Aquí cada cual viene con su propia mochila familiar, que siempre antecede, o anticipa, según se mire, la que se lleva a la escuela. Pero este peso material de libros y cuadernos no es menor a la otra, a pesar de que esté hecha de silencios, secretos, puntos suspensivos y, en el peor de los casos, de malos tratos. El mayor secreto siempre es uno mismo, las raíces torcidas de las que se proviene y esto es algo que va sabiéndose ahora de Robert de Niro, el hombre de las mil caras, nuestro toro salvaje de la gran pantalla, un hombre que más que interpretar, deglutía personajes.
El actor traía consigo un genio para el séptimo arte que no era casual, sino que nacía de esa cinética que suele ser la genética doméstica, el ambiente en el que uno fue alumbrado y que acunó los primeros años. Su padre, más que un tormento, era la tinta invisible de su pasado, eso que está escrito con zumo de limón y que solo se ve cuando se examina su biografía al trasluz de una vela. Un tipo que nació blasonado con la etiqueta de genio, de niño superdotado. Lo suyo era el arte, pero esta vez el pictórico, el lienzo en blanco. Algo de lo que ningún chaval debiera avergonzarse, sobre todo si se tiene en cuenta la inclinación natural de los críos a los pinceles y lápices. Pero nada es tan sencillo y si resulta así, es que hay gato encerrado. Este creador, dotado para la abstracción, o sea, la rabia expresada con colores, arrastraba una homosexualidad oculta que minaba su matrimonio, los problemas mentales que lo llenaban de demonios, sus problemas económicos y una ansiedad que le impulsó a un doloroso ejercicio confesional.
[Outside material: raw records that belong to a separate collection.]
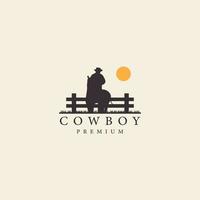 cavallo da corsa equestre da cowboy con disegno di illustrazione vettoriale logo silhouette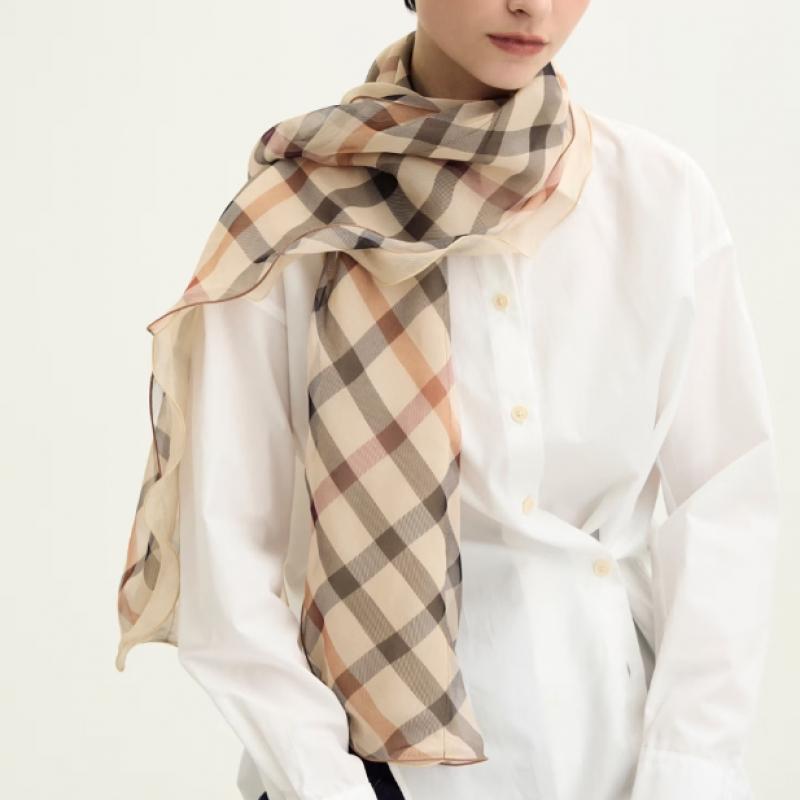Daks Brown Check Long Silk Scarf Dcsc6e290w2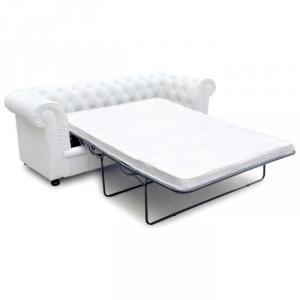 canapé chesterfield convertible cuir blanc 3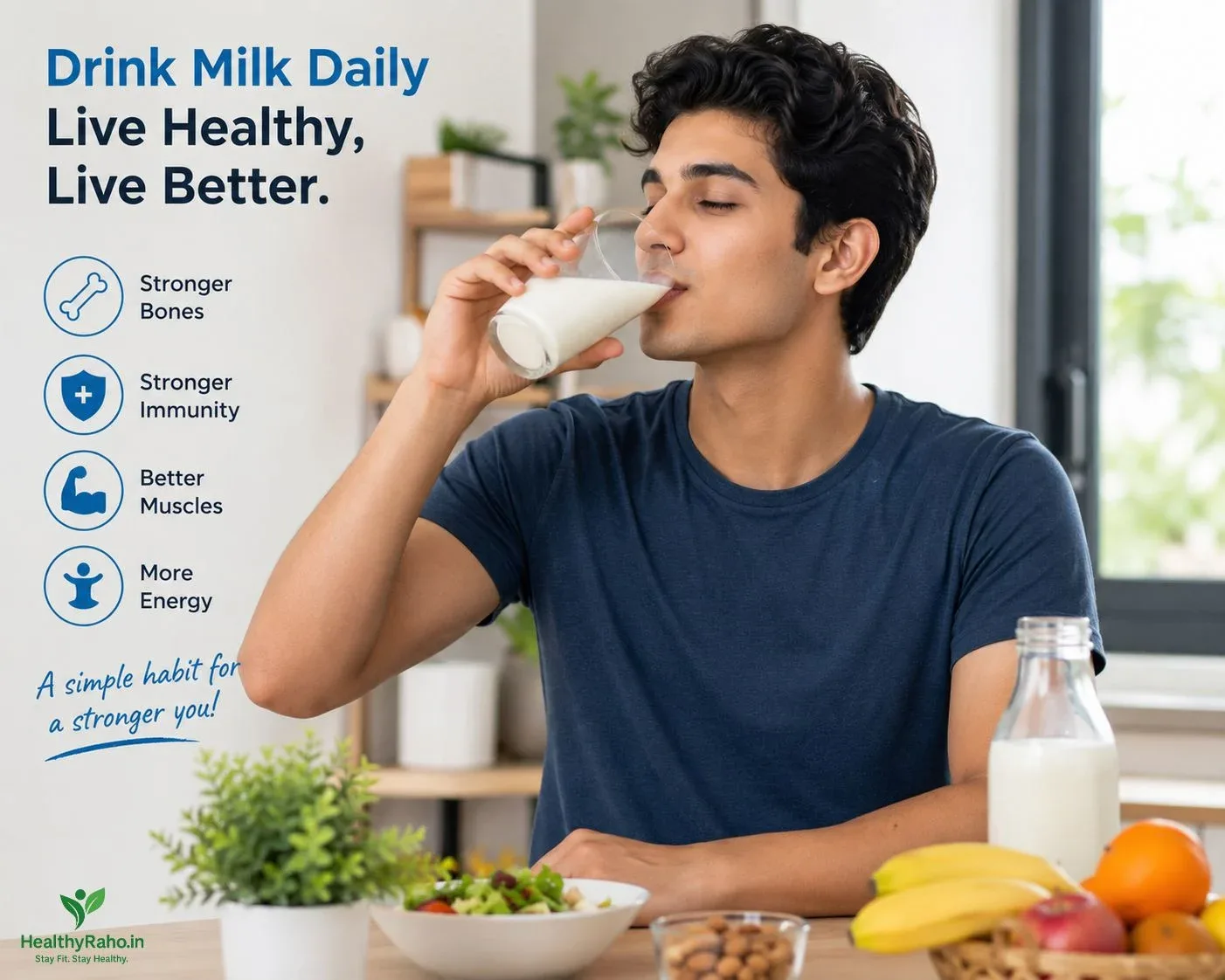Drinking milk daily makes you healthy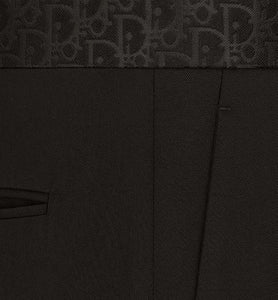 Pants with Dior Oblique Belt • Black Wool Twill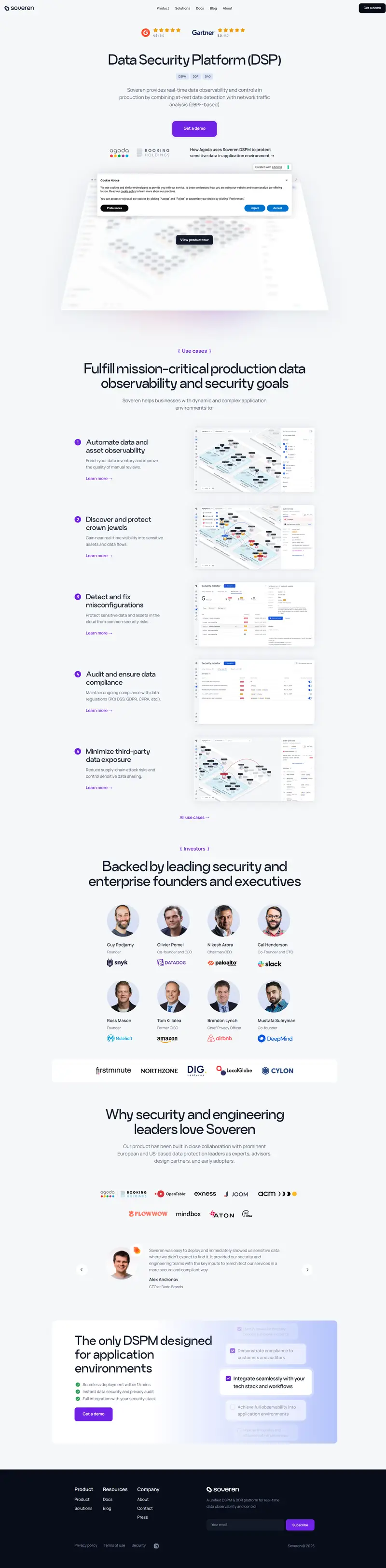 A unified DSPM & DDR platform website screenshot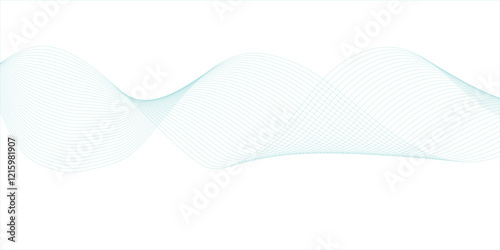 Abstract wave element for design. Digital frequency track equalizer. Stylized line art background. Vector illustration. Wave with lines created using blend tool. Curved wavy line, smooth stripe.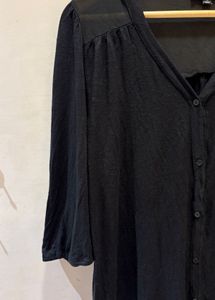 Black Button-Down Top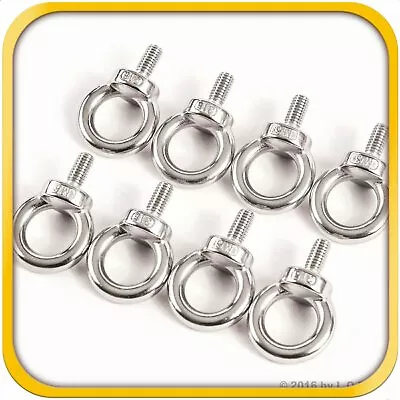 8 Steel Stainless DIN 580 Machine Shoulder Lifting Eye Bolts M6 316SS Marine 6mm • $13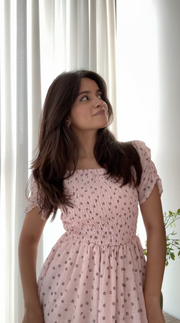 Parien Square Puff Sleeve Ruffle Dress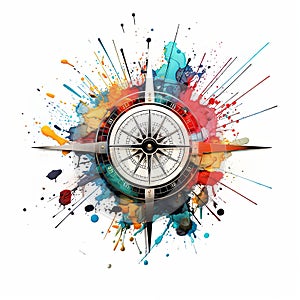 beautiful compass made of data white background colour splash , generated by AI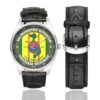 Men's casual watch with a round dial featuring the US Army 9th Infantry Division Vietnam Veteran emblem, silver-tone case and black leather strap, shown with the strap to the side.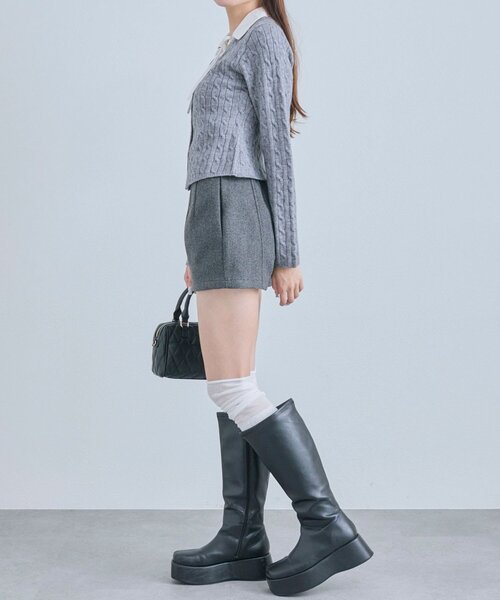 OLIVE des OLIVE（オリーブデオリーブ）の「金ボタンレイヤードニット（ニット/セーター・レディース・オフホワイト/トップグレー/ブラック/ダークブラウン・FREE）」の10枚目の写真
Mientras los museos de Nueva York se disputaban sus cuadros, él rellenaba docenas de páginas con sus pensamientos y dudas familiares, o sea, con ese oleaje de padecimientos entre los que trataba de mantenerse a flote. Su vida bohemia era de todo menos una vida bohemia. Probablemente su antítesis. Robert de Niro acaba de entregar esos escritos a una editorial. Reconoce que nunca los ha leído. O, mejor dicho, que ha retirado la mirada después de leer varios fragmentos, de constatar cómo su padre subrayaba con orgullo sus triunfos en el cine –imagen en movimiento, todo lo contrario de lo que es un cuadro–, y tenía ganas de abrazarlo, de pasarle la mano por el pelo, como reconoce, pero que no se atrevía a hacer por miedo a que la joven estrella no apreciara tan minúsculo gesto. Quizá no entendía que si hay algo que un intérprete entiende mejor que la frase de un guión es un gesto por leve que sea. Sus lazos no son los de un padre malo y un chico bueno. Si no la de dos tipos enfrentados a esa intemperie que es la vida.